Unless you have a loved one in the U.S. military, you probably haven’t been aware of the slow-but-steady increase in American troops on the ground inside Iraq since then. On Monday, Pentagon officials said the total U.S. troop presence in Iraq would grow by more than 200 troops—to a deployed force of 4,087—as Baghdad and Washington prepare to take Mosul back from ISIS.
Troops on temporary assignment in Iraq, those guarding diplomatic outposts—or those rotating in to replace troops who haven’t left yet—aren’t included under that 4,087 ceiling. When they are, Pentagon officials say, the total U.S. troops presence in Iraq is creeping toward 5,000.
While the offensive to retake Iraq’s second-largest city isn’t yet underway in a formal sense, the U.S. is sending more trainers, as well as eight AH-64 helicopter gunships and rocket systems to Iraq to get ready for the showdown. U.S. forces are being assigned to smaller units “closer to the action,” Defense Secretary Ash Carter said Monday in Baghdad.

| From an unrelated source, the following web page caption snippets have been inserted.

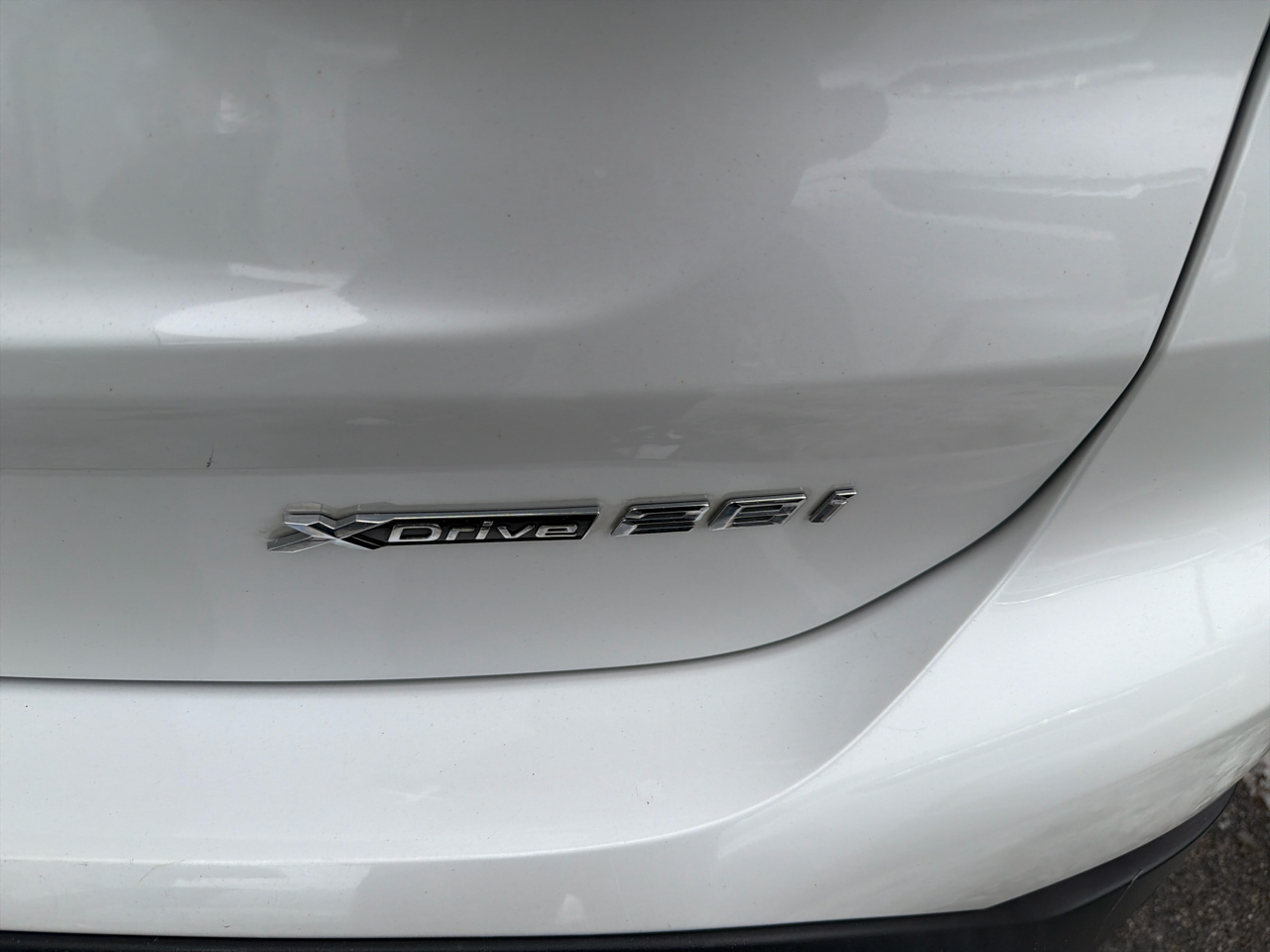 BMW X1 xDrive28i Sports Activity Vehicle 2019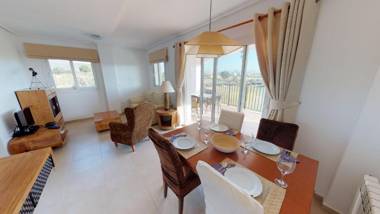 Atlantico 302527-A Murcia Holiday Rentals Property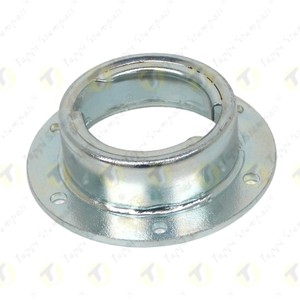 Col de remplissage de réservoir de carburant en acier à baïonnette 970 pour bouchon de réservoir à visser avec joint |   Vente en gros industrielle |   Code HS 85030091 - Product Image 1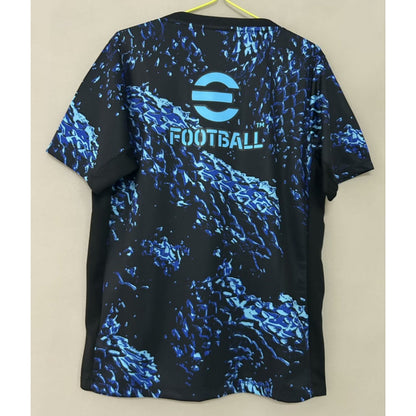 25/26 Inter Milan Special Blue A Jersey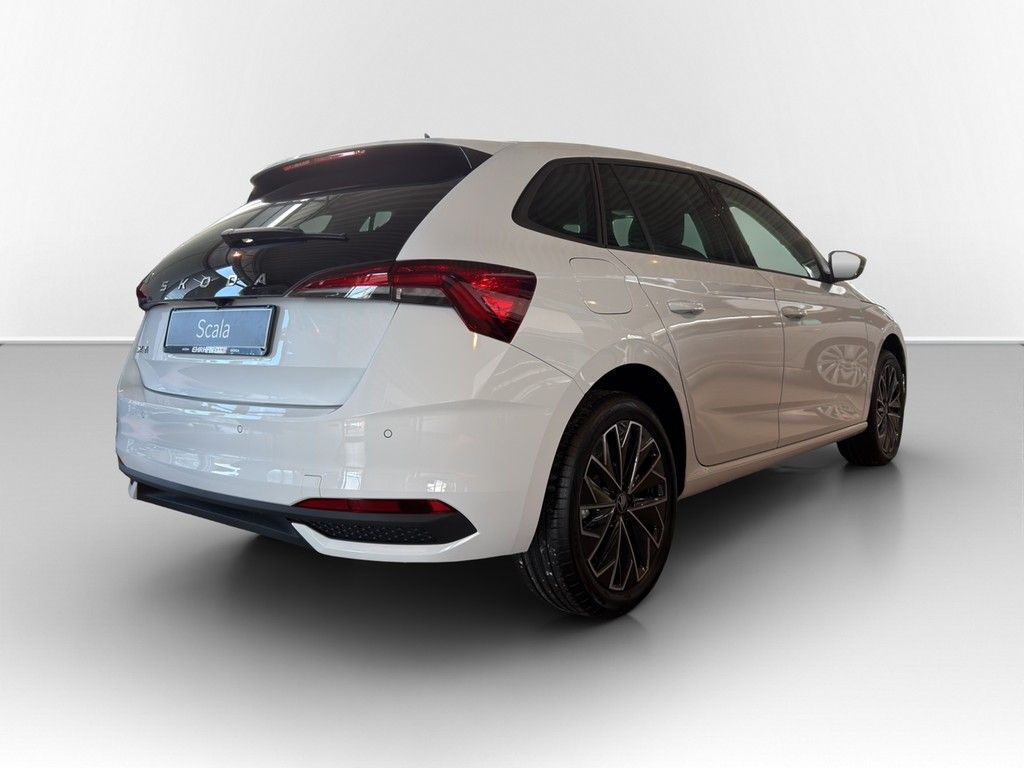 Skoda Scala - Bild 5
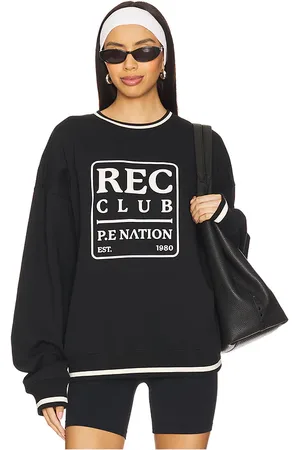 P.E Nation Icon Sweatshirt in . - size M (also in S, XS)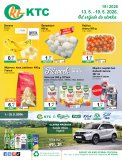  KTC katalog Široka Potrošnja 13.05.-19.05.2026.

Iraqi fighters, trained by U.S. troops, are slowly tightening a noose around Mosul and have begun to “shape the battlefield” for the key fight for Iraq, defense officials say, although they doubt Iraqi forces will be ready to storm ISIS’s key Iraq outpost until next year. “My expectation is that by the end of the year, we will have created the conditions whereby Mosul will eventually fall,” Obama told CBS on Monday. Pentagon officials say the U.S. troops being sent to Iraq possess unique skills—in intelligence, aviation and logistics, for example—that the Iraqi forces lack. The Iraqi government has been leery of allowing too many U.S. troops back on its soil.
“It’s directly attributable to developing the plan for Mosul,” Marine General Joseph Dunford, chairman of the Joint Chiefs of Staff, said last month when asked about rumbles of a future U.S. troop boost to help Baghdad’s soldiers as well as the Kurds’ Peshmerga forces in northern Iraq. The U.S. troop increase, he added, would be to give the Iraqis the capabilities that “would best enable the Iraqi security forces and the Peshmerga to be successful in operations in Mosul.”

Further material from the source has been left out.